> **Data shown**:
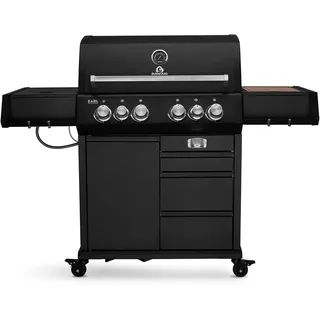 BURNHARD® Gasgrill 4-Brenner inkl. Heckbrenner, mit Gusseisen Grillrost & inkl. stabiler Abdeckhaube, Seitenkochfeld mit Infrarot Keramikbrenner, Schwarz - Big EARL
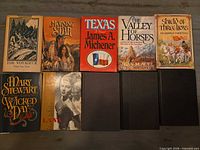 Eight covers visible including Texas, The Valley of Horses, etc.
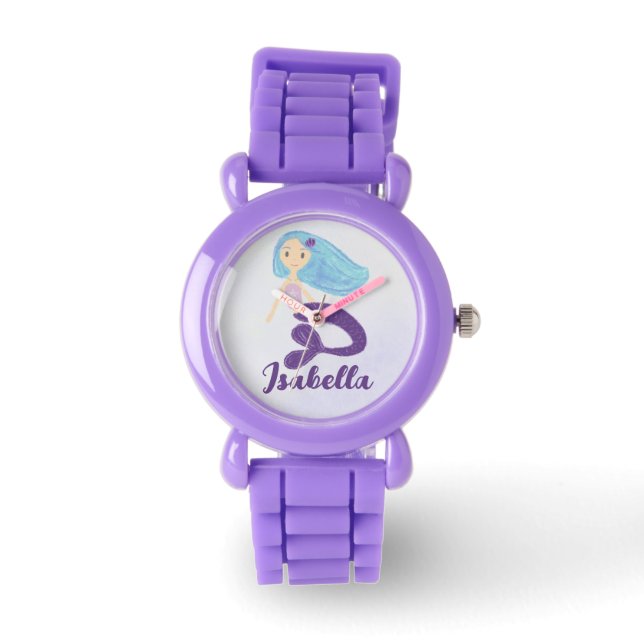 Cute Teal & Lila Sjöjungfru Princess i Pastel Armbandsur (Framsida)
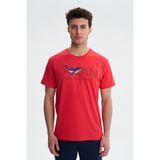 Ar-ma Erkek Bisiklet Yaka Tişört Yazi Baskili Regular Fit Penye Süprem Y27344407701 - Pembe-PN101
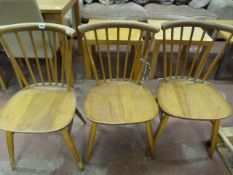 3 Spindle Back Ercol Style Dining Chairs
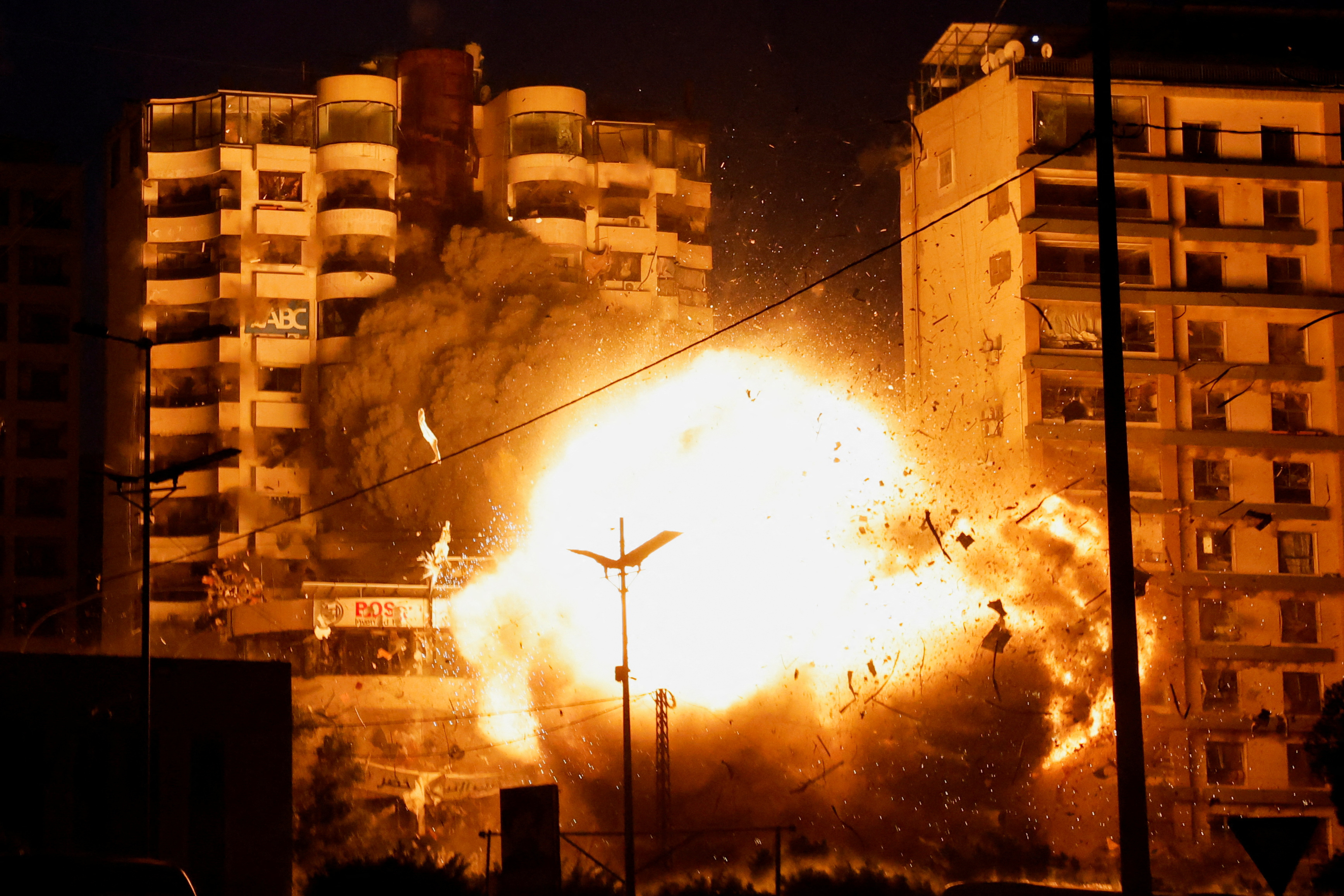 Aftermath of an Israeli strike on a building in the Chiyah district of Beirut's southern suburbs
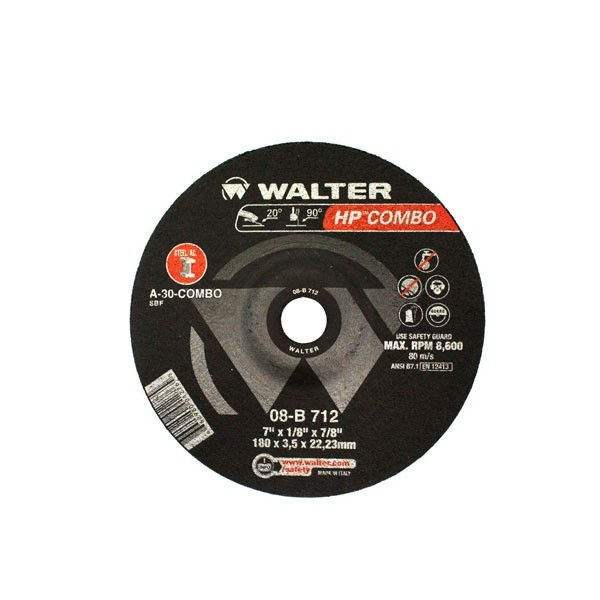 Disco Desbaste 4.1/2 Pol x 1/2 x 1/8 Pol HP Combo - Walter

> **Task objective**:
Output the whole listing again, exactly, without its pictures.

> **Exercise answer**:
 BURNHARD® Gasgrill 4-Brenner inkl. Heckbrenner, mit Gusseisen Grillrost & inkl. stabiler Abdeckhaube, Seitenkochfeld mit Infrarot Keramikbrenner, Schwarz - Big EARL
 Eight covers visible including Texas, The Valley of Horses, etc.
 Cute Teal & Lila Sjöjungfru Princess i Pastel Armbandsur (Framsida)
 Ar-ma Erkek Bisiklet Yaka Tişört Yazi Baskili Regular Fit Penye Süprem Y27344407701 - Pembe-PN101
 3 Spindle Back Ercol Style Dining Chairs
 Aftermath of an Israeli strike on a building in the Chiyah district of Beirut's southern suburbs
 Disco Desbaste 4.1/2 Pol x 1/2 x 1/8 Pol HP Combo - Walter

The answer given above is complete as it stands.